F Forza Italia group leader Enrico Costa has already announced that he will present an order of the day to intervene, assuring that 'this rule will not come into force without implementing rules'. The Head of State, however, LaPresse is told, may not sign the decree if the rule on incentives for lawyers is not irrefutably 'sterilised'.
The government is reportedly working on a range of hypotheses to overcome the impasse with the Quirinale on the security decree. In majority circles there is also reasoning on an amendment to the rule on lawyers and incentives for repatriations, a solution on which the offices of the Minister for Relations with Parliament Ciriani are also working. A solution that would entail the automatic return of the measure to the Senate for a third reading after the green light from Montecitorio. The technical timing, it is reasoned in government circles, would be there with the possibility of voting on the measure with the amendment in question in the House by Thursday and closing the game in the Senate by Saturday 25, the day on which the decree would lapse without the final passage of Parliament. But also on the table would be the possibility of a new decree that would simply repeal the rule contained in the security measure, and the possibility of working through implementing decrees. The executive is in direct and continuous dialogue with the Colle and Montecitorio on this subject. And Alfredo Mantovano should have spoken about these hypotheses in the meeting he had with the Head of State earlier in the day. The situation is in progress and the committee is awaiting the final decisions of the executive to then proceed with a night session.

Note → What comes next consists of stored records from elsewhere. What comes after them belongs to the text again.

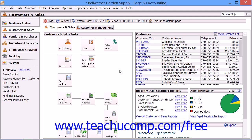You can reconcile any account in Sage 50 using the Account Reconciliation window. Most often, users will reconcile bank accounts, cash accounts, and credit card accounts. When you reconcile an account, you ensure that your company's financial information about that account matches the information from the account's associated financial institution.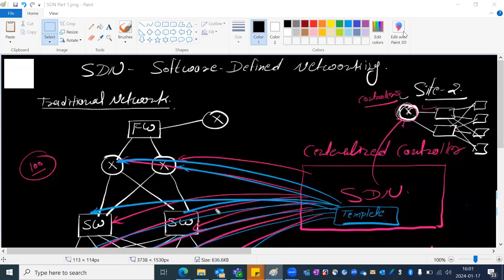Hello everyone. This is One Saksana. Today we will discuss about SDN - Software Defined Networking. This is going to be an interesting lecture. Before jumping to SDN, I would like to discuss some points on traditional networking - how our traditional network looks like - so we will be able to understand SDN clearly.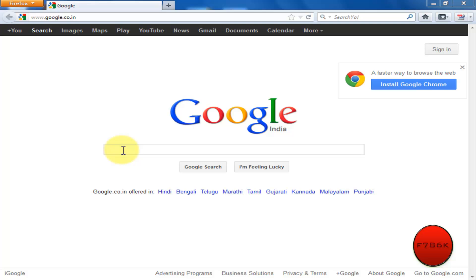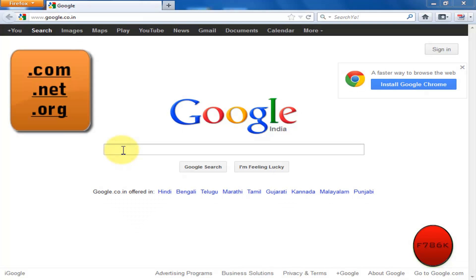Hey what's up guys, in this video I'm going to show you the keyboard shortcuts for top three level domains, that is .com, .net, and .org.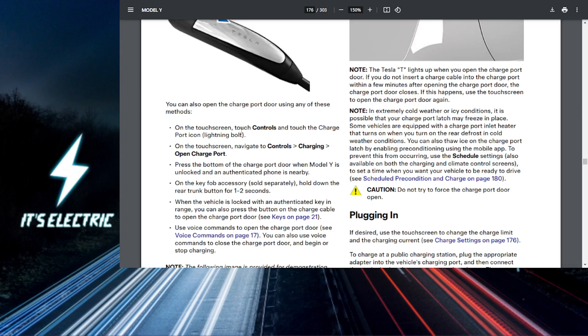You can also open up your charging port via the touchscreen. Just tap on the controls icon on your touchscreen, then navigate to charging. And here you'll see an option to open charge port.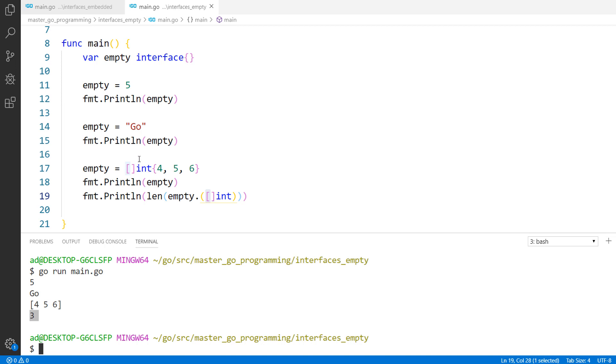Maybe you wonder why is the empty interface useful? Empty interfaces are used by code that handles values of unknown type. And you can pass an empty interface type as a function parameter of any type.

"We are faced with manifestly unconstitutional norms: as such, the only viable solution on the part of the majority is their suppression. It is disrespectful to think you can circumvent the problem with an agenda, postponing everything to future regulations implementing the decree. The patch is worse than the hole'. These were the words of Debora Serracchiani, national justice chief and deputy of the Democratic Party, commenting on the critical issues that have emerged on the security decree, in particular on the provision on lawyers' compensation in proceedings for the repatriation of migrants, which ended up under the Quirinale's lens for possible unconstitutionality profiles.
'Not only does the solution identified not appear sufficient from a legal point of view,' he continues, 'but it risks offloading onto subsequent acts an original flaw that must be corrected immediately.